Try it: Using the listing below, set down each line from the line containing "Momcozy J Shaped" through the line containing "미 고대 프랑스식 레트로", both ends included, exactly and with nothing added.

Records for this exercise:

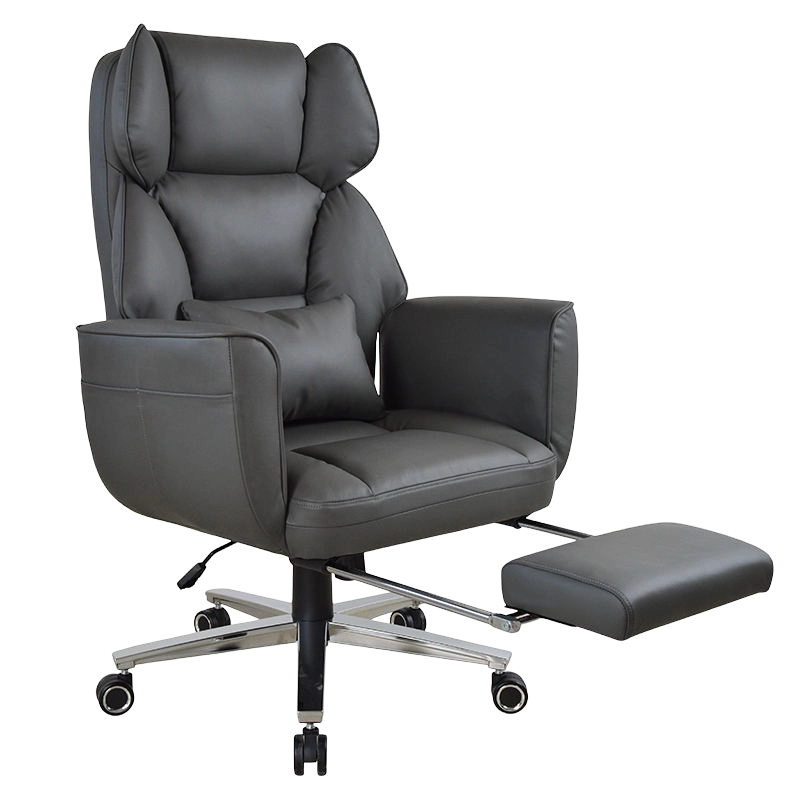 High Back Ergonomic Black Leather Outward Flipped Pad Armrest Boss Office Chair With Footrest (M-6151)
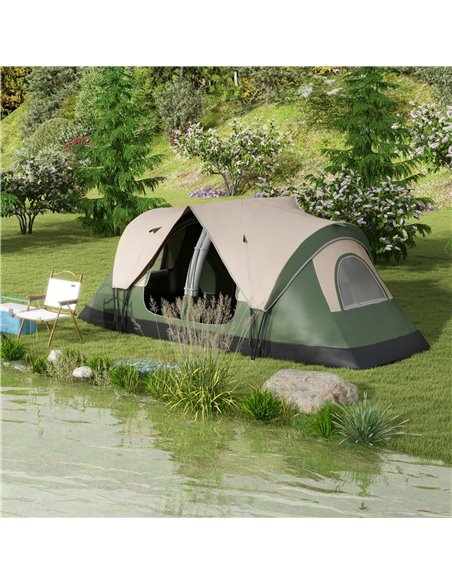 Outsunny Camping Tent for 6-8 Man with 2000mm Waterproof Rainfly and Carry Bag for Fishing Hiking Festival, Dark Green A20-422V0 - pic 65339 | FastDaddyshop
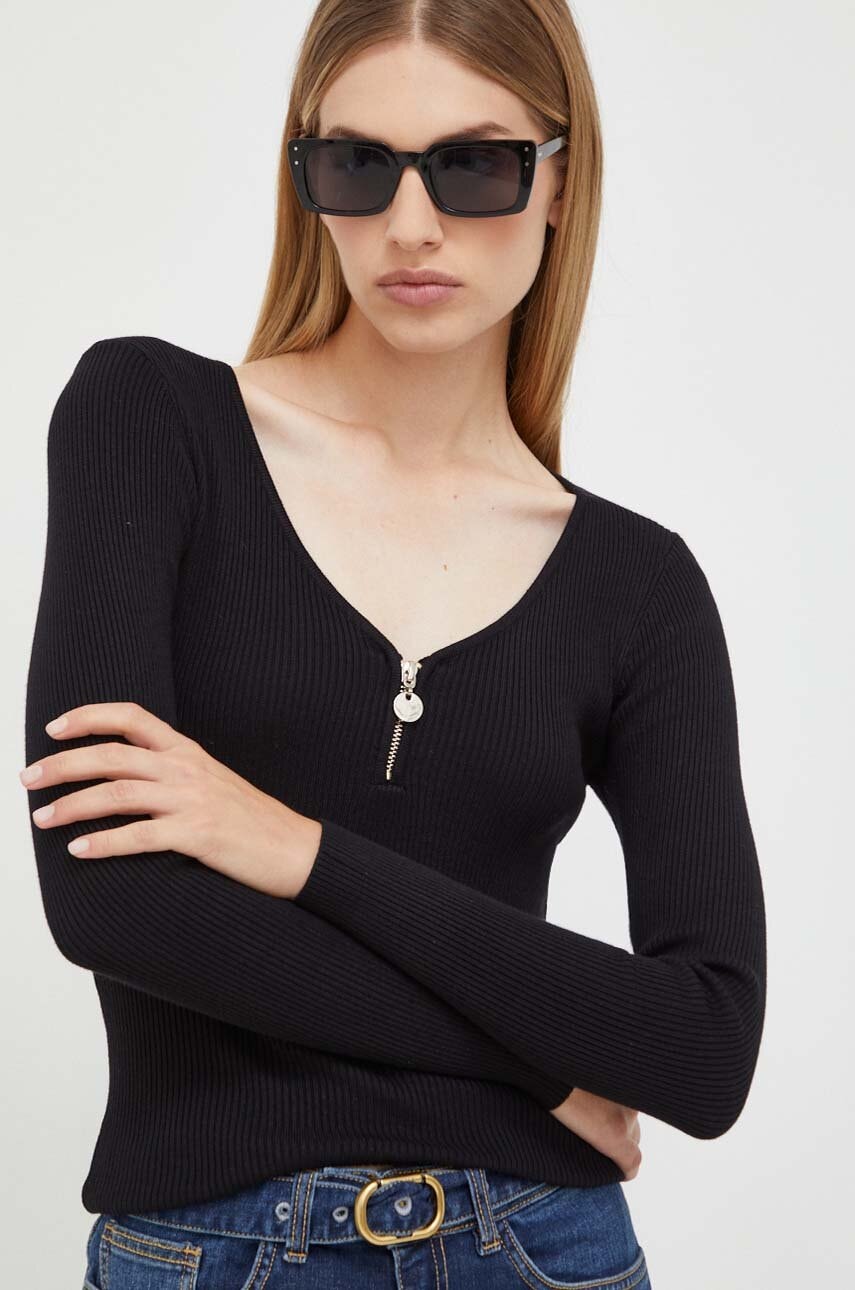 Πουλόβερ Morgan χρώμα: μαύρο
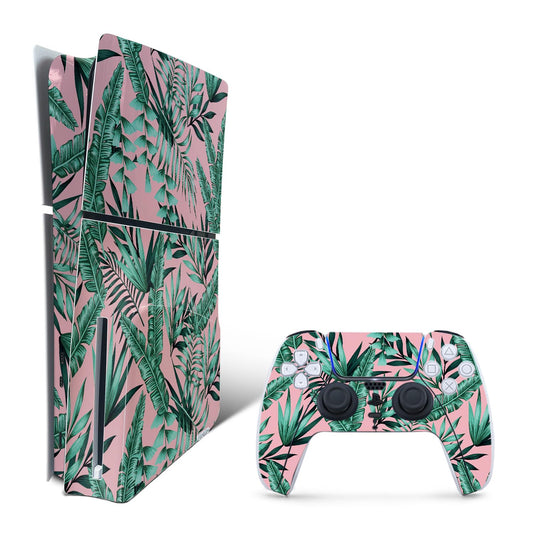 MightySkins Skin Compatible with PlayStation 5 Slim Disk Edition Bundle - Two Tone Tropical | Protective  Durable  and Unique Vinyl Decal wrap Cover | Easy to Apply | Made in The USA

--

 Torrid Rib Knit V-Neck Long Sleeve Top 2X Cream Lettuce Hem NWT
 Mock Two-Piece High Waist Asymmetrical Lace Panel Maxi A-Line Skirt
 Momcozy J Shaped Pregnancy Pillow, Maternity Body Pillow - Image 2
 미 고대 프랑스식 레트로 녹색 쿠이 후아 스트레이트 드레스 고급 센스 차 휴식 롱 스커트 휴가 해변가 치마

Result of the task:
 Momcozy J Shaped Pregnancy Pillow, Maternity Body Pillow - Image 2
 미 고대 프랑스식 레트로 녹색 쿠이 후아 스트레이트 드레스 고급 센스 차 휴식 롱 스커트 휴가 해변가 치마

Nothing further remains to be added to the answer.